▶ [DESCRIPTION OF THE TASK] Transcribe all of the records word for word, please, omitting the pictures.

Collected data:
╭──

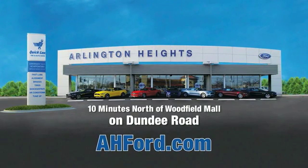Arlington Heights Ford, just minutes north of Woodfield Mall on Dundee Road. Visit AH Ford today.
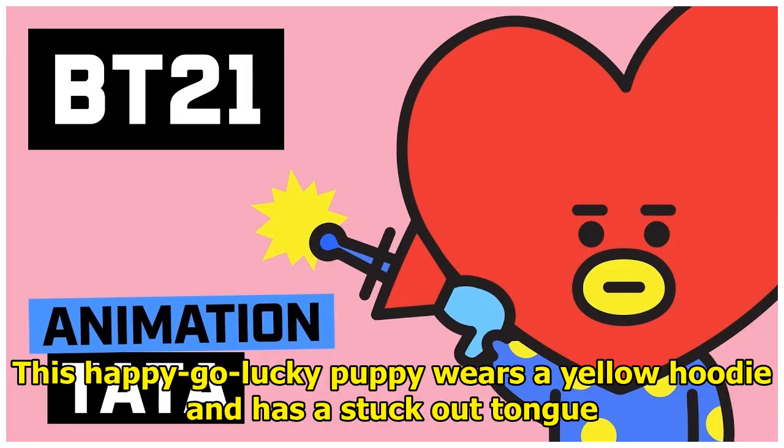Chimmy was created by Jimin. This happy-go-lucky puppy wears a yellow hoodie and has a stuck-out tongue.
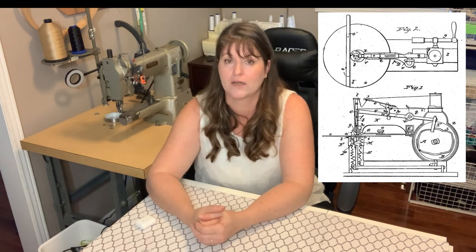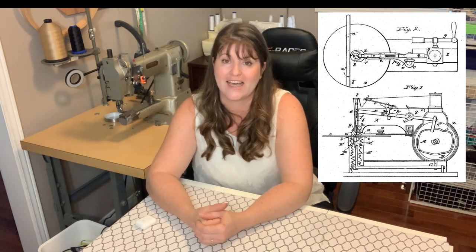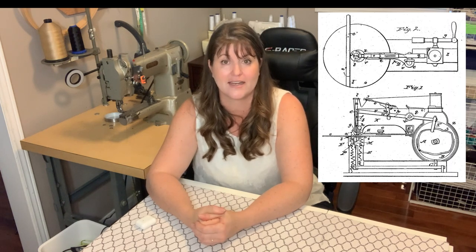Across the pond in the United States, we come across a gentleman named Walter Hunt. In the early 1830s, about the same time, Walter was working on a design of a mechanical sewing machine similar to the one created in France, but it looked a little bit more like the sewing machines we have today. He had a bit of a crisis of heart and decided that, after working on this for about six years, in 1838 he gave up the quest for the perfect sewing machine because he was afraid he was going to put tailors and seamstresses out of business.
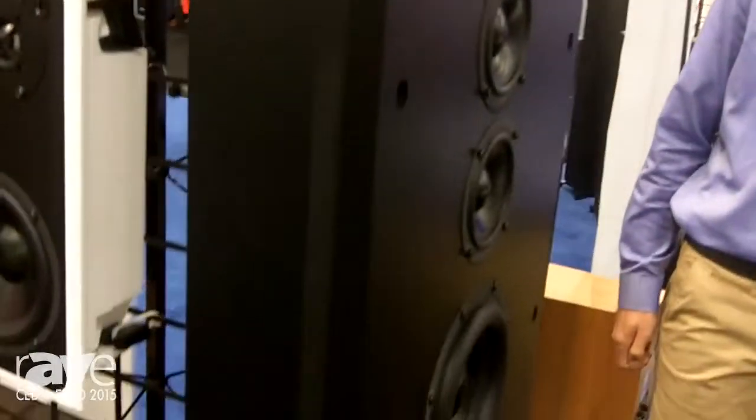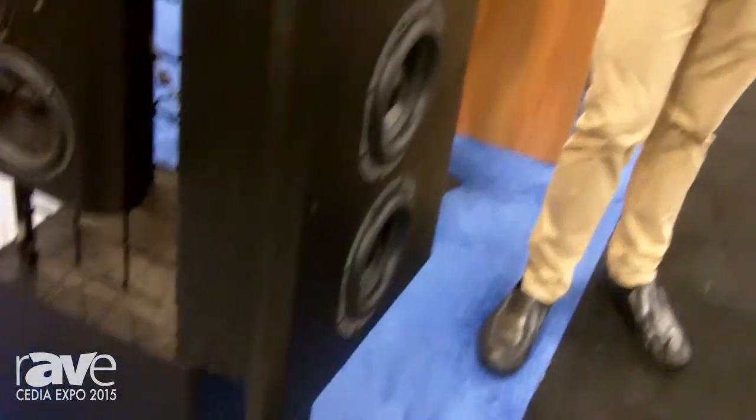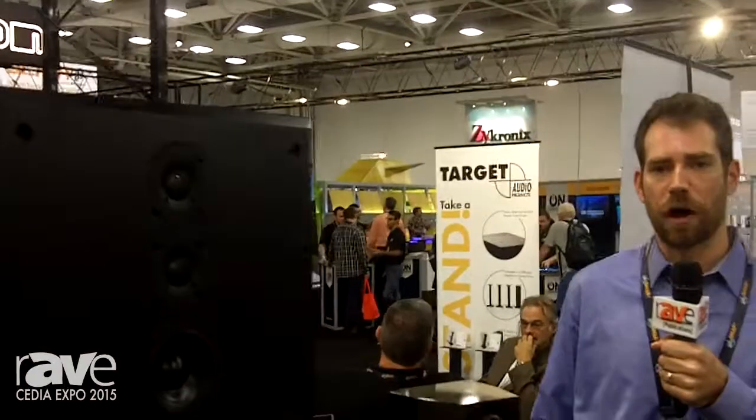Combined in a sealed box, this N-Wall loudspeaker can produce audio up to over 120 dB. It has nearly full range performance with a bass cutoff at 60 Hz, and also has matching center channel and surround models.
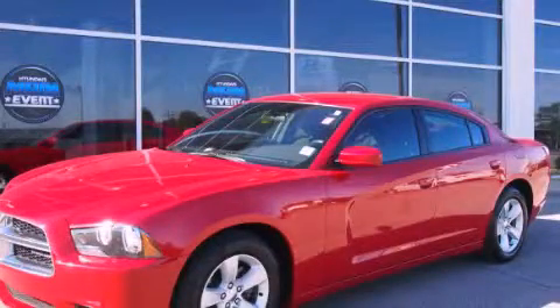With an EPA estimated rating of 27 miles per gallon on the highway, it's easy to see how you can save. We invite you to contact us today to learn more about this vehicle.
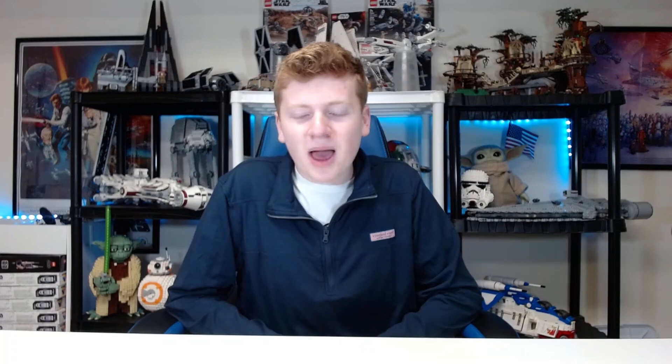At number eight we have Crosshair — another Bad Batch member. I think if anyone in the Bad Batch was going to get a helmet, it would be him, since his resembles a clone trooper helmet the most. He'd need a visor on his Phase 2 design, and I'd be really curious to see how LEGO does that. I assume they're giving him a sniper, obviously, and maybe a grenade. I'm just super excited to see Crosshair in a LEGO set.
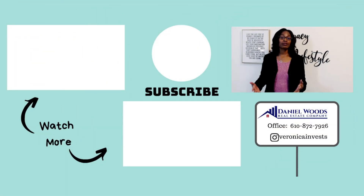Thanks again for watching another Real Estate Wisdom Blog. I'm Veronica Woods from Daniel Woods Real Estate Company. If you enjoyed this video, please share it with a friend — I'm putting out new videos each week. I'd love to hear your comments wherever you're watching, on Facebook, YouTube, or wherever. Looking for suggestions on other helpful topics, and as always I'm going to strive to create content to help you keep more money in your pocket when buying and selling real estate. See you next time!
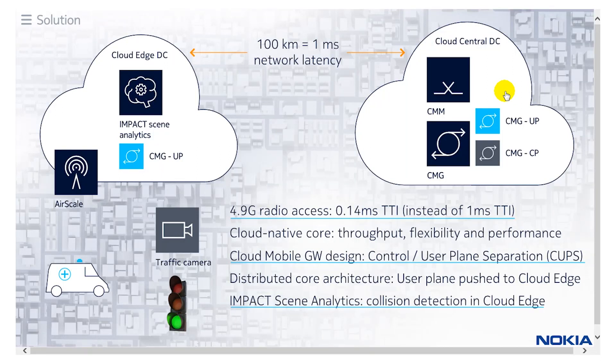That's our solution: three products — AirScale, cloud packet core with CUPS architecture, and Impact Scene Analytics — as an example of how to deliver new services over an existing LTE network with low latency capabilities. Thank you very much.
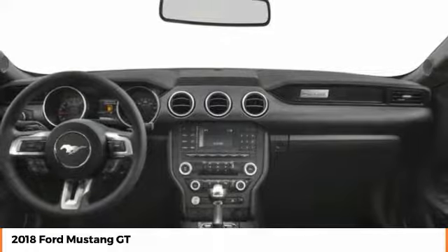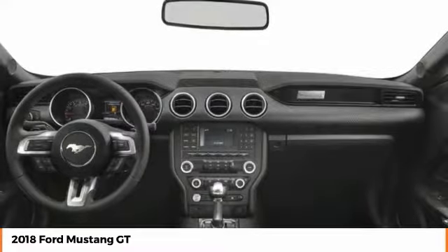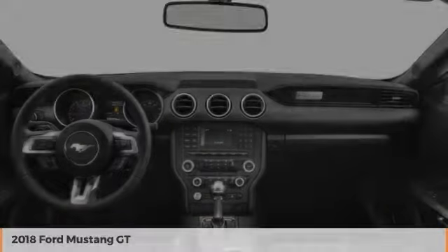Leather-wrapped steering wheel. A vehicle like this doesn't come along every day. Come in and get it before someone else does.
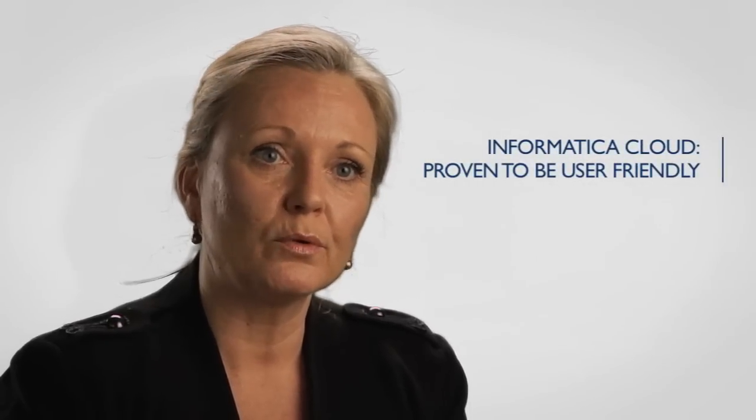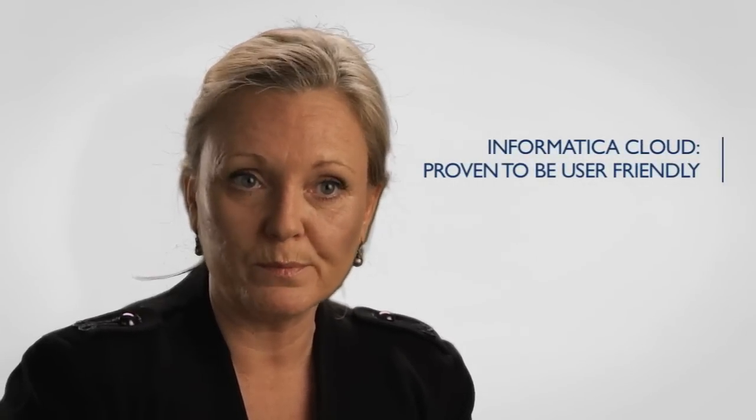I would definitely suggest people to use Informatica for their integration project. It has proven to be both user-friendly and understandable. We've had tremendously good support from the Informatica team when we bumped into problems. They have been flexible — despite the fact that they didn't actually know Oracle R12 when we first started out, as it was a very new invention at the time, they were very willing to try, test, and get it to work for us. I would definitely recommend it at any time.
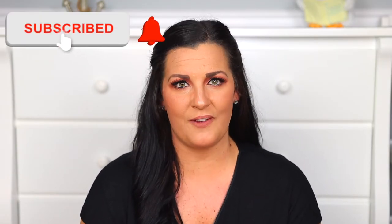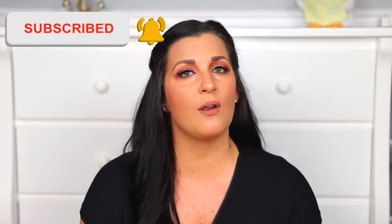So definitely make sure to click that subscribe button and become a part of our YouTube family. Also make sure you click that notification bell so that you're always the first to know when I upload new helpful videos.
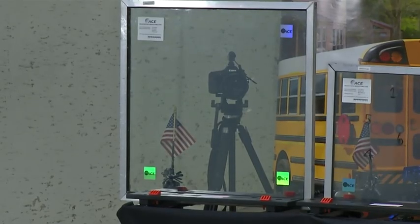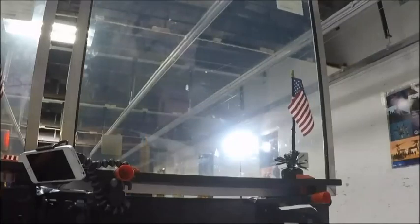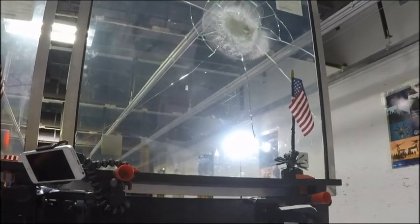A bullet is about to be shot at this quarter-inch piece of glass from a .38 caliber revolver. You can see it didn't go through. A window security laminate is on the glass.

╰──

▶ [ANSWER SECTION]
Arlington Heights Ford, just minutes north of Woodfield Mall on Dundee Road. Visit AH Ford today.
Chimmy was created by Jimin. This happy-go-lucky puppy wears a yellow hoodie and has a stuck-out tongue.
Across the pond in the United States, we come across a gentleman named Walter Hunt. In the early 1830s, about the same time, Walter was working on a design of a mechanical sewing machine similar to the one created in France, but it looked a little bit more like the sewing machines we have today. He had a bit of a crisis of heart and decided that, after working on this for about six years, in 1838 he gave up the quest for the perfect sewing machine because he was afraid he was going to put tailors and seamstresses out of business.
Combined in a sealed box, this N-Wall loudspeaker can produce audio up to over 120 dB. It has nearly full range performance with a bass cutoff at 60 Hz, and also has matching center channel and surround models.
With an EPA estimated rating of 27 miles per gallon on the highway, it's easy to see how you can save. We invite you to contact us today to learn more about this vehicle.
At number eight we have Crosshair — another Bad Batch member. I think if anyone in the Bad Batch was going to get a helmet, it would be him, since his resembles a clone trooper helmet the most. He'd need a visor on his Phase 2 design, and I'd be really curious to see how LEGO does that. I assume they're giving him a sniper, obviously, and maybe a grenade. I'm just super excited to see Crosshair in a LEGO set.
Thanks again for watching another Real Estate Wisdom Blog. I'm Veronica Woods from Daniel Woods Real Estate Company. If you enjoyed this video, please share it with a friend — I'm putting out new videos each week. I'd love to hear your comments wherever you're watching, on Facebook, YouTube, or wherever. Looking for suggestions on other helpful topics, and as always I'm going to strive to create content to help you keep more money in your pocket when buying and selling real estate. See you next time!
That's our solution: three products — AirScale, cloud packet core with CUPS architecture, and Impact Scene Analytics — as an example of how to deliver new services over an existing LTE network with low latency capabilities. Thank you very much.
Leather-wrapped steering wheel. A vehicle like this doesn't come along every day. Come in and get it before someone else does.
I would definitely suggest people to use Informatica for their integration project. It has proven to be both user-friendly and understandable. We've had tremendously good support from the Informatica team when we bumped into problems. They have been flexible — despite the fact that they didn't actually know Oracle R12 when we first started out, as it was a very new invention at the time, they were very willing to try, test, and get it to work for us. I would definitely recommend it at any time.
So definitely make sure to click that subscribe button and become a part of our YouTube family. Also make sure you click that notification bell so that you're always the first to know when I upload new helpful videos.
A bullet is about to be shot at this quarter-inch piece of glass from a .38 caliber revolver. You can see it didn't go through. A window security laminate is on the glass.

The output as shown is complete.